Here is a picture of the vegetable garden, taken yesterday morning. We had a better week, weather-wise, than the photograph implies. I had taken two dozen chitted potatoes along with us, and I planted them. They’ll probably be all right, too, potatoes being tough little cookies. We got various things done, including the turning of a few more spadesful of earth in preparation for seed-sowing if spring ever comes. No rhubarb yet. If it weren't such absolutely indestructable stuff, I'd be a bit worried.

There are lambs in the glen, in the village indeed, but not yet in our fields.

And I started Ketki’s gansey, using the pink yarn I bought recently from Guernsey Wool. I love it. Firm but not scratchy, very pleasant on the hand, great for stitch definition. When Ketki gets tired of banking and turns to gutting herrings for a living, she’ll find this one a welcome protection from the elements without being in any way burdensome.

Here’s the swatch. It’s unusual for me to make a swatch at all, let alone so elaborate a one. The actual yarn is a gentler pink than the photograph implies, without being sissy.


The pattern is “Mrs Laidlaw’s pattern” from Gladys Thompson’s book, “Patterns for Guernseys, Jerseys and Arans.” It is one of the very few in the book which is not charted but just written out line by line. I didn’t know, when I started, how to interpret that, so I began by just doing what it said: 1st row K5, p3, k1 etc; 2nd row K6, p2, k1 etc.

It soon became obvious that I wasn’t getting anywhere. The great thing about a swatch is that you don’t have to rip it out, you can just put in a row or two of garter stitch and try again. The initial mess can be dimly discerned towards the bottom of the swatch. I saw that I had to chart the pattern, and had what I thought a stroke of genius: I began by charting only the odd-numbered rows, leaving blank rows in between. Sure enough, I was able to see almost immediately that the pattern was written for knitting in the round. So, for my swatch, I had to start the even-numbered rows at the wrong end, and change k to p throughout, and vice versa. (And, yes, I know EZ would have had me knit a “swatch-cap” at this point. I didn’t want to, so I didn’t.)

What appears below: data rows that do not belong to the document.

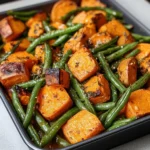 Sweet Potato Green Bean Tray Bake 30 Minutes Easy Delicious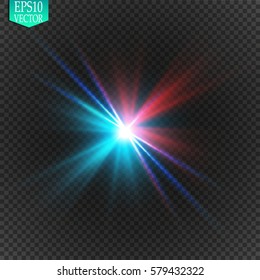 Collision of two forces with red and blue light. Vector illustration. Explosion concept.
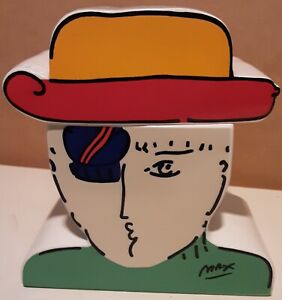 Vintage 1989 Peter Max " Zero " Ceramic Pottery Cookie Jar - Japan Warhol Style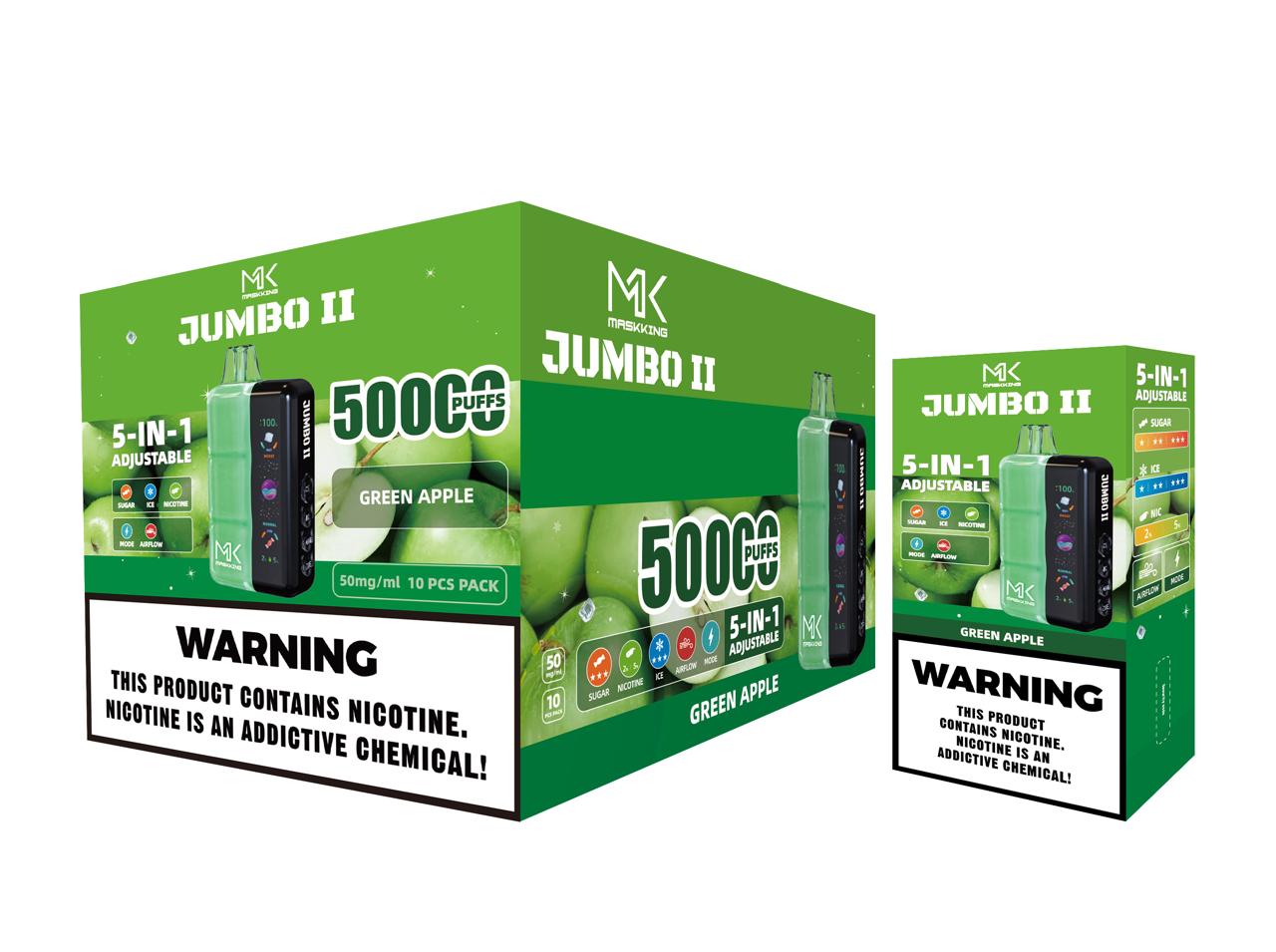 Maskking Jumbo II 10 Pack — Green Apple — Vape 50,000 caladas 5-en-1 ajustable Maskking México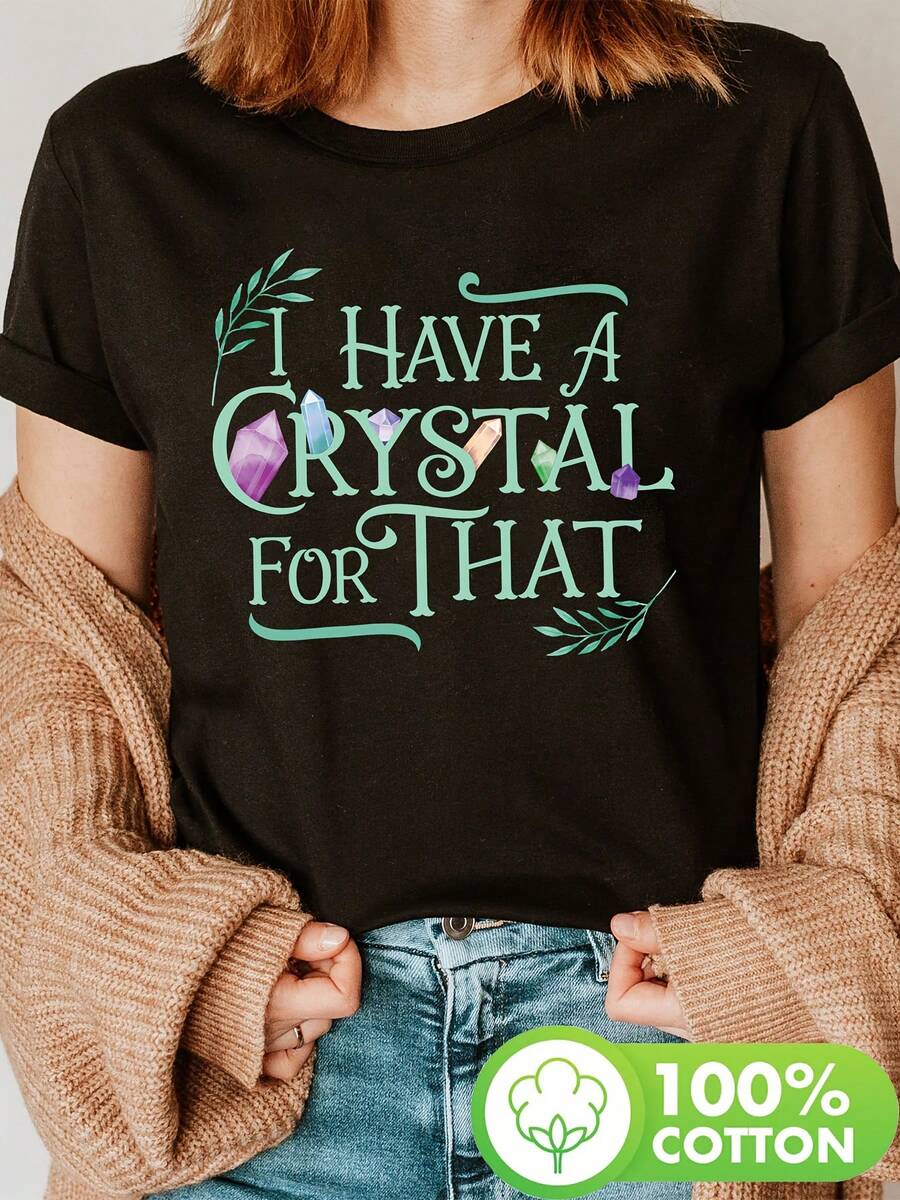 Modern T-Shirt 2026Y-Green With Crystal Magic Phrase Print And Chakra Energy Therapy, Short Sleeve, Round Neck, Casual Top For Summer And Spring, Women's Clothing T-Shirt. - 黑色 - 查看 1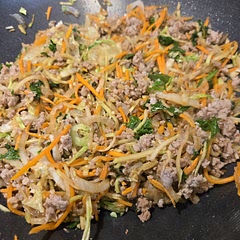 It's super fun and simple to make! This is a delicious dish and tastes just like an egg roll without the skin. I used ground pork and will definitely make this again. We also tried a little drizzle of sweet and sour sauce, and that was very good.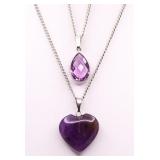 Lot of 2 amethyst necklaces, lab created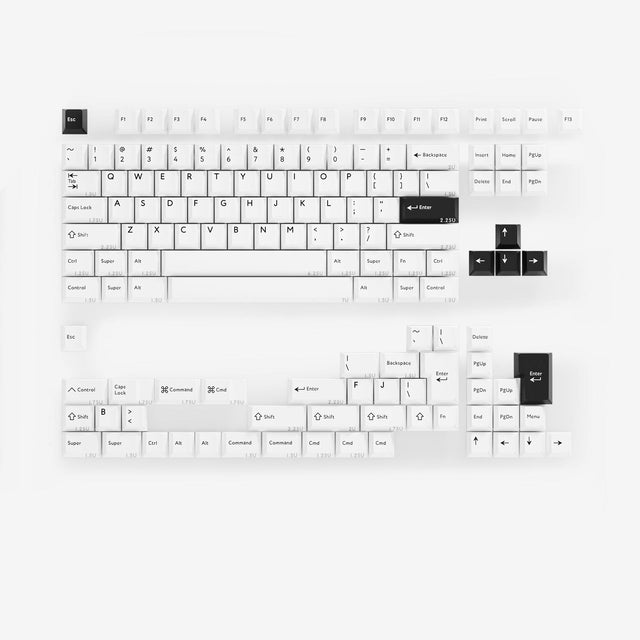 pbtfans white bow keyboard keycaps 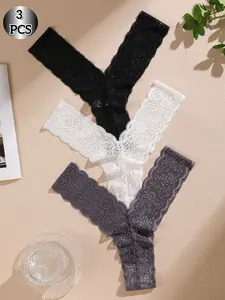 Women's Lace Bikini Panties 3-Pack, Sheer Lace Panty, Low Rise Sexy Sheer Thongs with Delicate Lace Trim, 3 Colors, Hand Wash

And I got on fine, as you see. I’ve brought the book back here so that I can make a proper chart, perhaps in Stitch and Motif Maker, if I can find it; perhaps in Excel.

I spent a lot of time reading Brown-Reinsel, in the intervals of gardening. I have decided on an overlapped garter-stitch welt. We’re going the Full Monty on authenticity, here. Those rows of garter stitch on the swatch are on B-R’s instructions, to see if it spreads. It does, a bit, but the body of the sweater will have 10% more stitches than the welt, so I should be all right.

I am nearly finished, as you see, with the welts themselves. I am a bit worried about spread, and fully determined, if I don’t like the look of things when I’m four or five inches into the body pattern, to rip mercilessly back and start again. I think I’ve become a slightly better knitter in my old age, and if so, it’s entirely due to an increased willingness to rip things out.

Notice the little row of bumps at the cast-on edge. That’s a Channel Island cast-on, B-R again. I’m not much of one for learning new tricks these days, and I’m terribly pleased with this one.

The Scottish swan with Bird Flu which has been causing such excitement these last few days, was found in an East Coast fishing village close to Anstruther. Alas there don’t seem to be any gansey patterns in the books specifically attributed to Cellardyke.